2026-06-07 –, Hardwick Hub
Text-to-SQL makes great demos, but in real systems generating queries is rarely the hard part - understanding data is. Modern data is increasingly S3-first and multimodal, where meaning is defined by Python workflows, not table schemas.
To work reliably, both agents and people need data context across multiple layers: storage context (what exists and where), metadata context (what’s inside files), dataset context (how files are grouped and versioned), and code context (the transformations that define semantics).
In this talk, I’ll share a practical framework for building these context layers in Python-first systems, and show how DataChain makes multimodal workflows agent-ready in domains like Physical AI and biotech.
Text-to-SQL is often presented as the future interface for AI-driven analytics: connect an LLM to your warehouse, ask questions, get answers. The demo works. But production systems reveal a deeper issue: SQL can query structure, but it cannot provide the context required to understand what data actually means.

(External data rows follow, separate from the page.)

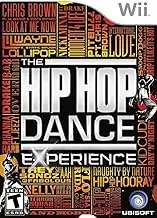 Hip Hop Experience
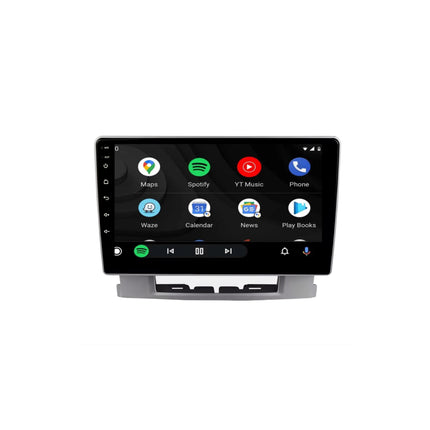 Multimedia Navigatie Astra J 2009 - 2017 | Opel Astra J 2009 - 2017 |DAB|Bluetooth|4Core 32GB|Carplay Autoradio Beeldscherm 7 Inch - Audioplay
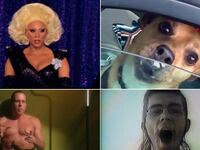 articles/2013/02/05/fenton-bailey-randy-barbato-s-favorite-world-of-wonder-clips-video/130205-wow-clips-tease_jxo9lp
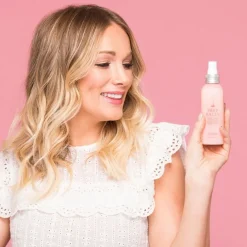Behandlung & Hitzeschutz Prep Rally Prime & Prep Detangler von Drybar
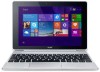 Get support for Acer SW5-015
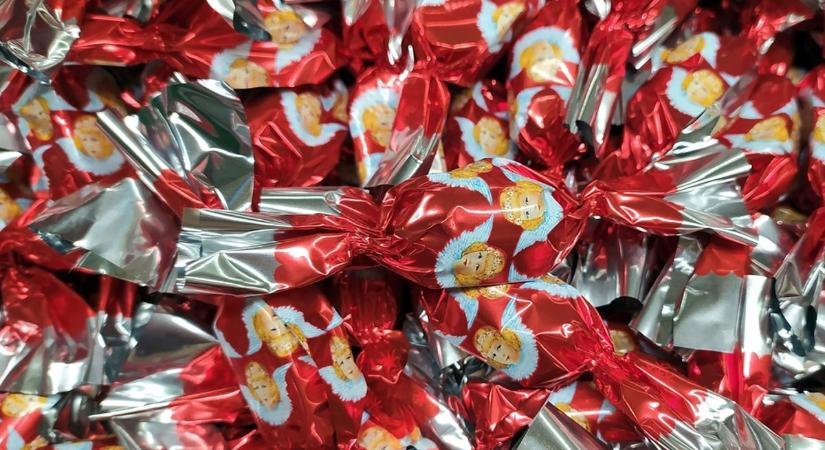 Leváló csomagolás, penész, allergének: kellemetlen meglepetések jöhetnek adventkor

After years of building data infrastructure, I’ve learned that context is the real bottleneck - for both people and agents. This becomes unavoidable in S3-first, multimodal environments: video, audio, medical scans, sensor streams, and model outputs. In these projects, the source of truth is object storage, and meaning is defined by Python pipelines.
To reason correctly, you need data context across multiple layers:
- Storage context - what exists, where it lives, and how it changes
- Metadata context - what’s inside files, extracted signals, and hierarchical structure
- Dataset context - how files are grouped, reused across datasets, and versioned
- Code context - the Python transformations that define semantics and intent
In this talk, I’ll present a practical framework for collecting and using these layers systematically. Using DataChain as a concrete example, I’ll show how typed schemas (e.g., Pydantic), vectorized metadata operations, and scalable Python execution make multimodal workflows understandable, reusable, and agent-ready - especially in Physical AI and biotech.
Attendees will leave with a clear mental model for building data platforms where meaning lives in code, and agents can operate with real context rather than isolated queries.
Dmitry Petrov is the creator of open-source tool DVC (Data Version Control), holds a PhD in Computer Science, previously worked as a Data Scientist at Microsoft, and is now the founder of DataChain.ai, a Python-first data platform for Physical AI.